* _SOURCE MATERIAL_:
-------

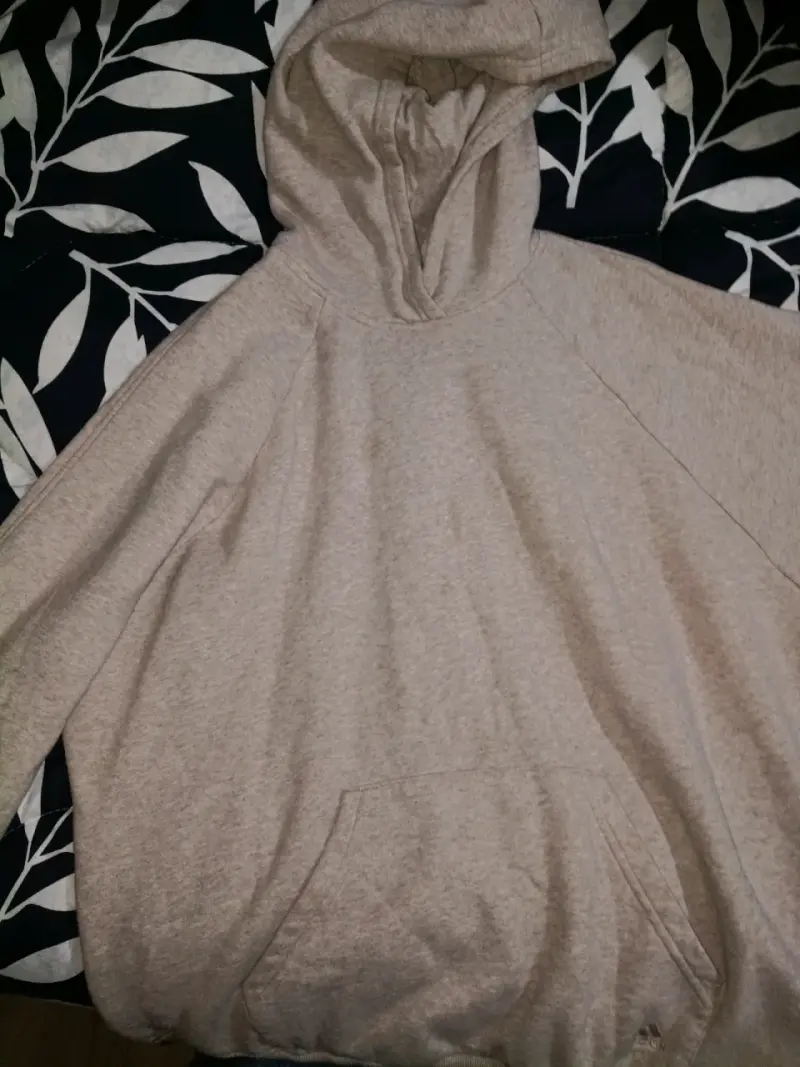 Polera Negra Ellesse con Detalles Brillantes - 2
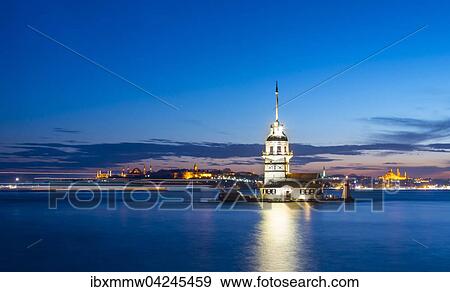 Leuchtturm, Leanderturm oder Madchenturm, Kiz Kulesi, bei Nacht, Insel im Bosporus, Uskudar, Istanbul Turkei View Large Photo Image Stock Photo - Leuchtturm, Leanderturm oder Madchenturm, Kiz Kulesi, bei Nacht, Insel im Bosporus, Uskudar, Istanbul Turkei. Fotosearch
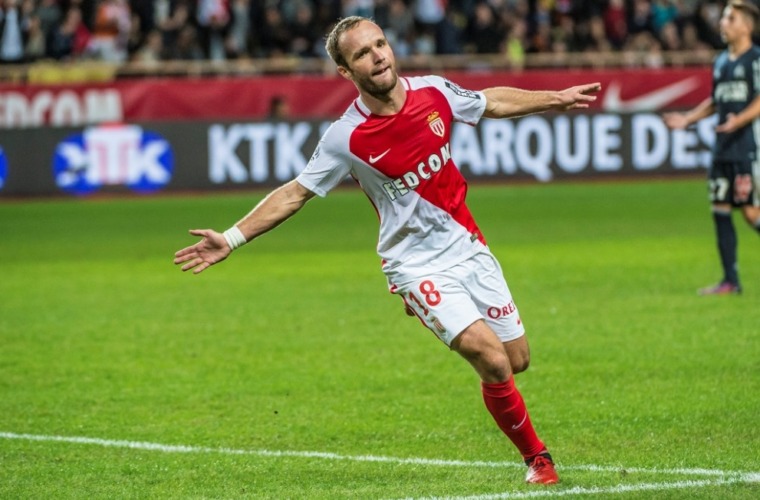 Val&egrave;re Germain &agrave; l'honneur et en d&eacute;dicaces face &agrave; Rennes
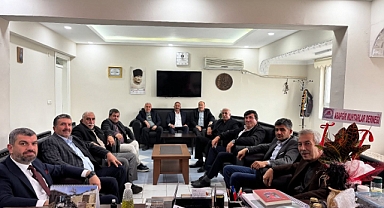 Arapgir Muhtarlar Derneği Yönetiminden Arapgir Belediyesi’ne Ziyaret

-------

From the line containing "Val&egrave;re Germain &agrave;" down to the end of the listing above, every line is to be returned exactly, though the pictures are not.

 Val&egrave;re Germain &agrave; l'honneur et en d&eacute;dicaces face &agrave; Rennes
 Arapgir Muhtarlar Derneği Yönetiminden Arapgir Belediyesi’ne Ziyaret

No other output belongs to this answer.